I flip to a card showing an excited face and then to a picture of a cat.
“You are excited. You like Tipsy, grandma’s cat.”
My grandmother is kind to me. She confidently translates my vocalizations but her inferences are rarely accurate.
“That’s right Abel, we are going to make cookies. Peanut butter or oatmeal raisin? I agree, you can’t go wrong with oatmeal raisin. My secret, don’t tell anyone, is nutmeg.”
Who was I going to tell? The Pope? Mum is the word, Grandma. This canary ain’t gonna sing. Also, I wanted peanut butter.
Tipsy is black with orange stripes, like an inverted tiger. Tipsy sits on my lap while I eat the warm cookies and waits for the crumbs that fall from my mouth and onto my Beatles’ “Abby Road” t-shirt.
My Mom and Grandma talk about cousins I don’t know who are getting married and how the garden is coming along.
“My tomatoes are growing like weeds. I need to get more cages. I planted cauliflower this year.

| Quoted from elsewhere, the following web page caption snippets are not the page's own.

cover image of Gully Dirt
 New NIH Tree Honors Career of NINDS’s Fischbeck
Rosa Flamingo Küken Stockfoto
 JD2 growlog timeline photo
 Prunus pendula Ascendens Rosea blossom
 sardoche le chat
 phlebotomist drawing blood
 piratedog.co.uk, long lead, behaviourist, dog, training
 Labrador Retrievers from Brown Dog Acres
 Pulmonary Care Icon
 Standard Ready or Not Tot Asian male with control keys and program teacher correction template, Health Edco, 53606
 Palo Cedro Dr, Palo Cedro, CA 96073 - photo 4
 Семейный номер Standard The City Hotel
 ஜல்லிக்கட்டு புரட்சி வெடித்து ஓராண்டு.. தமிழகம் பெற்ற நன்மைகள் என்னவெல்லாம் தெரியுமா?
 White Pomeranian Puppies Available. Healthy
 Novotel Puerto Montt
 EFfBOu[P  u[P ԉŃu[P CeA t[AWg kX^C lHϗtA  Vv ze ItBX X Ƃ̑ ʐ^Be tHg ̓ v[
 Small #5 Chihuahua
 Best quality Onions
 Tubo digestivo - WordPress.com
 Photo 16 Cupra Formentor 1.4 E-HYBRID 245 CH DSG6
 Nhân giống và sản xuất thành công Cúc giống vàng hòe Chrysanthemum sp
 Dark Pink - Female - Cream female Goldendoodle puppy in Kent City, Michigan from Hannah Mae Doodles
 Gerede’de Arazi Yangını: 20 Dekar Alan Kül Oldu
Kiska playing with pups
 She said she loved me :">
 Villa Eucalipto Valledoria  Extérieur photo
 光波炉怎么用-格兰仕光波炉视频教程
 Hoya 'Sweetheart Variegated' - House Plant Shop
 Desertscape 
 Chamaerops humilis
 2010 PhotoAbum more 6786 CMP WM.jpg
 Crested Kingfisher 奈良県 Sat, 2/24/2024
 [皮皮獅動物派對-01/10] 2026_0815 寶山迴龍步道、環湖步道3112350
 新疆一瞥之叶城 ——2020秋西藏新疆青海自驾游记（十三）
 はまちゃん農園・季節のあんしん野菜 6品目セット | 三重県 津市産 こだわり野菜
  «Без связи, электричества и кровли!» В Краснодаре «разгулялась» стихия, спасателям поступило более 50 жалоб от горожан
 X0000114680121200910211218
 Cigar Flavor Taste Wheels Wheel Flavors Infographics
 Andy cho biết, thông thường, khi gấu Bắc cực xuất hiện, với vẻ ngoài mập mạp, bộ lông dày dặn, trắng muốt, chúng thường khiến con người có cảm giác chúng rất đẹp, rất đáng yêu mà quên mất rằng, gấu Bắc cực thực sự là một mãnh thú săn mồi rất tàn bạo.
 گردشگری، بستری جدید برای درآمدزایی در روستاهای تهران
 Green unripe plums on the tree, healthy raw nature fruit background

I thought for some reason it grew under ground like a tuber but it doesn’t.”
Eventually they circle around to my Mother’s favorite topic – Abel’s condition and progress.
“We’re seeing a new speech therapist and she and Abel seem to really be getting along. He’s been loving his art classes at school. Last week he made a drawing of the two of us by boating on Lake Geneva. Isn’t that right Abel?”
I was drawing a picture of Han Solo encased in carbonite but the teacher’s aid decided it looked like the colors of a sunset and changed my concept to reflect her values.
She drew me at the front of the boat smiling wearing a life jacket. I hated that life jacket. My body curls up on itself like the way an earthworm scrunches together when poked with a stick. The life jacket made me feel even more restricted as it chafed against my armpits and strangled my belly.
“I really think he’s improving.”
“Of course he is,” my Grandma confidently asserted. “He is as smart as they come. Another cookie, Abel? You’re right, one more won’t hurt.”